Die Volggers betonen den familiären Charakter ihres Hauses, sie benennen beispielsweise die Suiten nach Familienmitgliedern. 2014 soll ein größeres Erweiterungsprojekt in Angriff genommen werden, um dann eine ideale Größe zu erreichen. „Wir brauchen neue Suiten, denn wir haben inzwischen wieder ein paar Namen frei“, schmunzelt Thomas Volgger mit dem Verweis auf die heranwachsende dritte Generation.
Laut Thomas Volgger erreicht der Plunhof bei 305 Öffnungstagen eine beeindruckende Vollbelegung von 90 Prozent. Die Familie, dazu hohe Qualitätsstandards betrachtet Volgger als Erfolgsrezepte. „Wir wollen unsere Gäste nicht nur zufriedenstellen, sondern begeistern und überraschen. Dann können wir von ihrer Mundwerbung profitieren“, erzählt Volgger.

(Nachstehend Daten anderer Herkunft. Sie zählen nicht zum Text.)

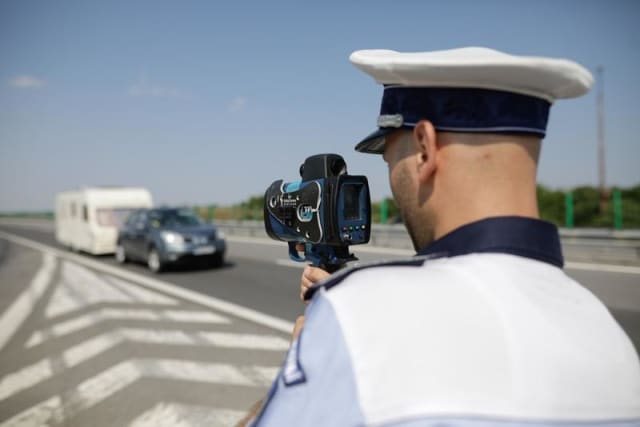 Polițiștii din Buzău au oprit un autoturism cu viteză excesivă pentru a ajuta tată mușcat de câine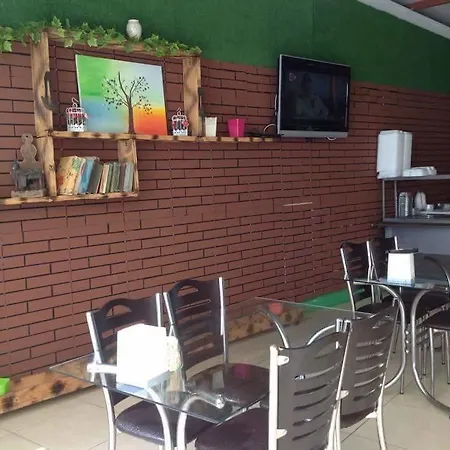 Palace - Halal Ξενοδοχείο *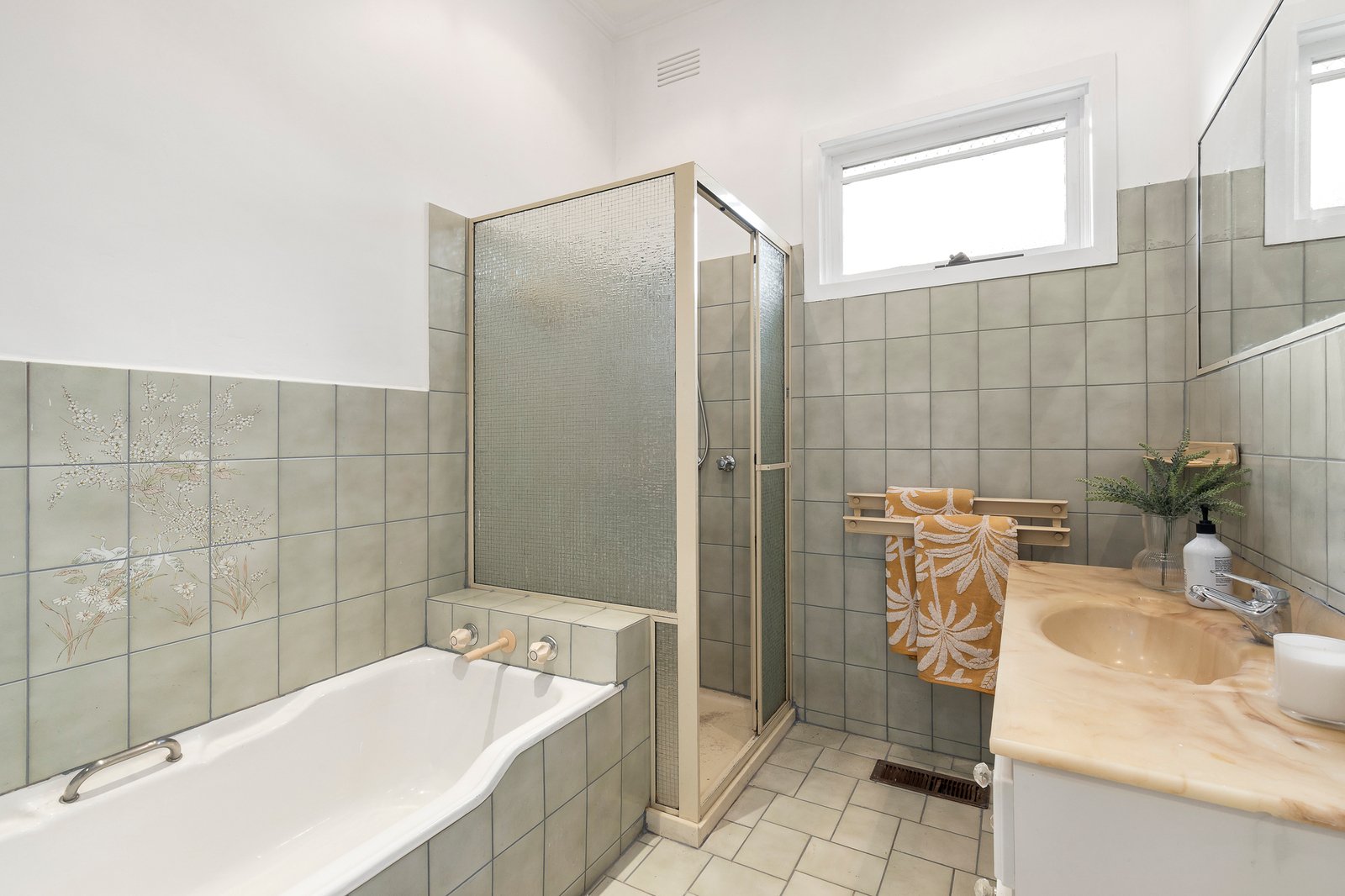 1/16 Omar Street, Caulfield South, 3162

Von den Lebens- bzw. Ehepartnern der Hotelierfamilie Volgger arbeitet übrigens nur Günters Partnerin Christine im Plunhof mit. „Wir versuchen Privates und Geschäftliches eher zu trennen, denn es sind schon so genug Familienmitglieder im Betrieb“, sagt Thomas Volgger. Zehn Stück sind tatsächlich eine ganze Menge.